The current economic situation in emerging countries is expected to worsen according to the new OVP.
Reflections of Turkey
The new OVP states that the GDP in the first half of 2015 increased 3.1 percent. It said they expected growth based on domestic demand to continue in the second half as well, while international demand will continue to negatively affect economic growth. Under these developments and expectations, the GDP is expected to increase about 3 percent in 2015.
What about 2015 growth? The OVP is setting a 4 percent growth target for next year while pulling down 1 point from the previous target of 5 percent. This target can only be met with domestic demand, it said.
The new OVP opts for low targets but it is unclear that the necessary external resource inflow will occur for this growth target. It is a huge question mark as to how this 4 percent growth will be achieved without the arrival of any foreign resources.

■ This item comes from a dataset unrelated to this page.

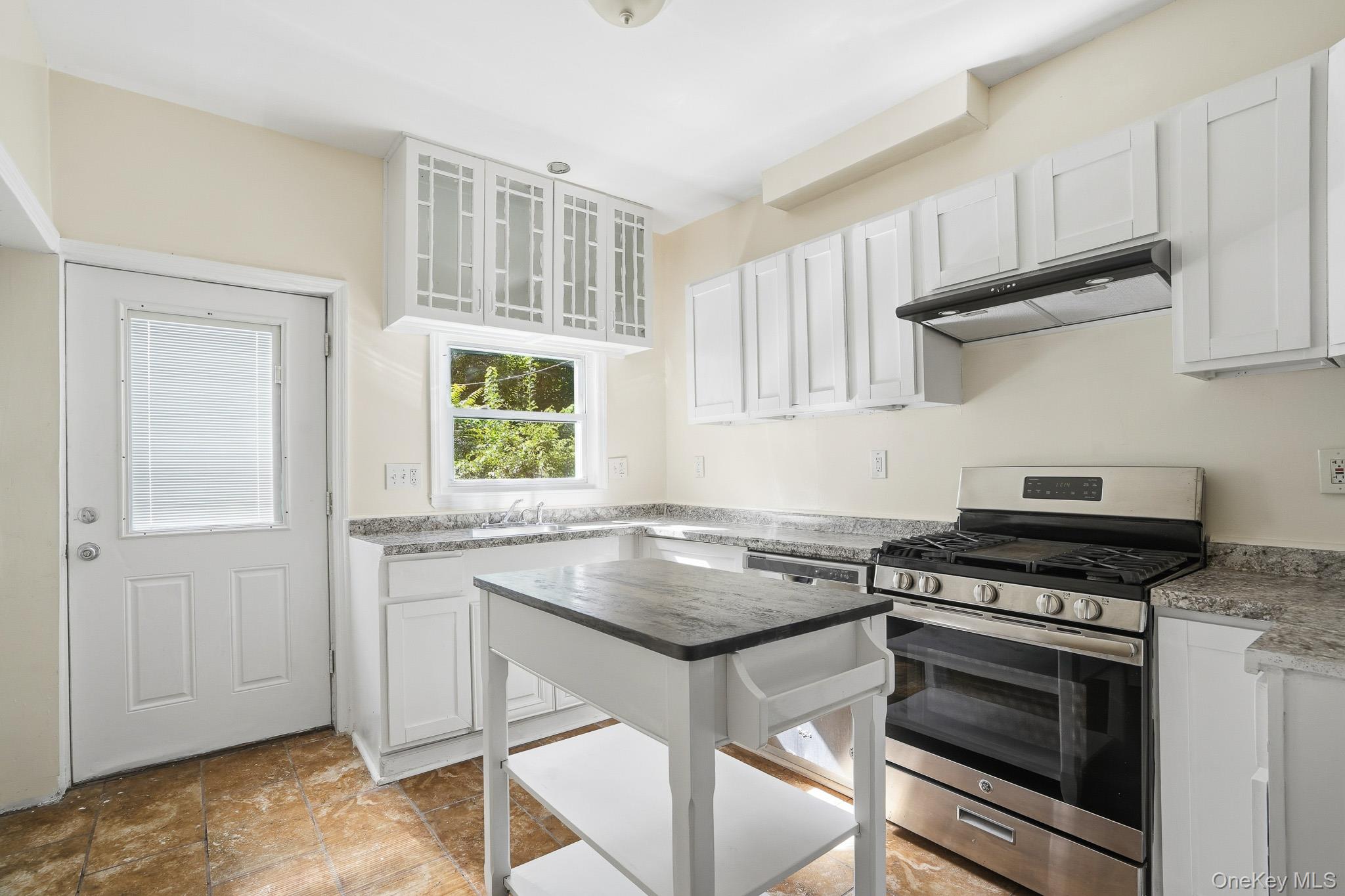 48 Parker Avenue Property Photo 12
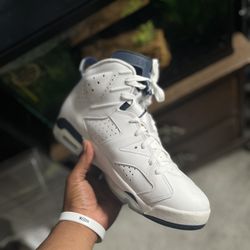 Jordan 6 “Midnight Navy”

Unemployment and inflation
Will the 4 percent growth projected for 2016 pull down unemployment? We see that the unemployment target set is still a two-digit one, no lower than 2015’s 10.5 percent.
What about inflation? The OVP said the annual consumer price index as of September 2015 was 7.9 percent. It is expected to be 7.6 percent at the end of the year. It will be 6.5 percent in 2016.
The new OVP sets optimistic targets for the lowering of the current account deficit. It projects an increase in exports, a decrease in imports and the foreign trade deficit to go down to $66 billion in 2016 and the current deficit in tourism and other incomes to go down to $36 billion. Thus, the ratio of the current account deficit to national income is expected to drop to 4.9 percent.
Open to revisions
Medium-term programs are prepared every year by law, targets are revised and new targets are set. The medium-term program prepared for 2016-2018 said the new government to be formed after the Nov. 1 elections may revise the targets. Thus, the document printed in the Official Gazette is open to a renewal of targets.
The medium-term program is a meaningful document, especially in terms of foreign investors because they want to see where the country is heading and with which policies it will achieve its targets.
Of course, both domestic economic and political developments and events in the international world may increase or decrease the chances of the targets to be achieved – or not – in the plan.
Everything is yet to occur and be seen. It is not easy to achieve the targets but one has to have some targets.